"How can we learn and use AI at the same time?": Participatory Design of GenAI with High School Students
Isabella Pu, Prerna Ravi, Linh Dieu Dinh, Chelsea Joe, Caitlin Ogoe, Zixuan Li, Cynthia Breazeal, Anastasia K. Ostrowski

TL;DR
This study engaged high school students in participatory design to understand their perspectives on GenAI, leading to guidelines for responsible integration and highlighting the importance of student voices in AI policy development.
Contribution
It introduces a participatory design approach with high school students to inform GenAI tool development and policy guidelines in educational settings.
Findings
Students identified key challenges like bias, misinformation, and plagiarism.
Students proposed features and policies for responsible AI use in schools.

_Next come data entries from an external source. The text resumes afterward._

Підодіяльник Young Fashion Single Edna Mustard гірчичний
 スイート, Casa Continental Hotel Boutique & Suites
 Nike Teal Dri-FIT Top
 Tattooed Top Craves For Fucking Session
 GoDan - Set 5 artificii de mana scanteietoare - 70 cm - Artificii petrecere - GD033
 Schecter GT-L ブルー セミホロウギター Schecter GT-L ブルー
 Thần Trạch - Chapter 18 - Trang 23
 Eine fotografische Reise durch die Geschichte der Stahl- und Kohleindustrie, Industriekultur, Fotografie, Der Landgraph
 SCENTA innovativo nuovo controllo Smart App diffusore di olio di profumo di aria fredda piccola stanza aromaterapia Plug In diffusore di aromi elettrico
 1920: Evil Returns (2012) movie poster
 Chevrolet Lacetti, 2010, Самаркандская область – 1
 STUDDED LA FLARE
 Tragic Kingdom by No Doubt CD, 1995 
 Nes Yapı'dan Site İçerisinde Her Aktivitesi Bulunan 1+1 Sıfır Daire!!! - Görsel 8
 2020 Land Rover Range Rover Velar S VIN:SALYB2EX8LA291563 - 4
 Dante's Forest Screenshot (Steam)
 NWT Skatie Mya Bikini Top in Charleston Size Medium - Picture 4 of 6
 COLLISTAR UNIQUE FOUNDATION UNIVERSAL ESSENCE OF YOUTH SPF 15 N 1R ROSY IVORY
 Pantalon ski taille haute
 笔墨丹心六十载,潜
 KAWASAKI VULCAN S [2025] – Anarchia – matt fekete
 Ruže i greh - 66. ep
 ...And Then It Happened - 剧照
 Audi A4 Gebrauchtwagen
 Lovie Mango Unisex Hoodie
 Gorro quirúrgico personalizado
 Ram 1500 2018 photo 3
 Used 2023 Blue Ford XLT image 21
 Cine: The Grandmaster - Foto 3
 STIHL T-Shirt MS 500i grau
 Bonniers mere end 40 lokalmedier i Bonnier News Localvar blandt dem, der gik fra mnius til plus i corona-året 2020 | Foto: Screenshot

Guidelines for AI developers and policymakers were formulated based on student input.
Abstract
As generative AI (GenAI) emerges as a transformative force, clear understanding of high school students' perspectives is essential for GenAI's meaningful integration in high school environments. In this work, we draw insights from a participatory design workshop where we engaged 17 high school students -- a group rarely involved in prior research in this area -- through the design of novel GenAI tools and school policies addressing their key concerns. Students identified challenges and developed solutions outlining their ideal features in GenAI tools, appropriate school use, and regulations. These centered around the problem spaces of combating bias & misinformation, tackling crime & plagiarism, preventing over-reliance on AI, and handling false accusations of academic dishonesty. Building on our participants' underrepresented perspectives, we propose new guidelines targeted at…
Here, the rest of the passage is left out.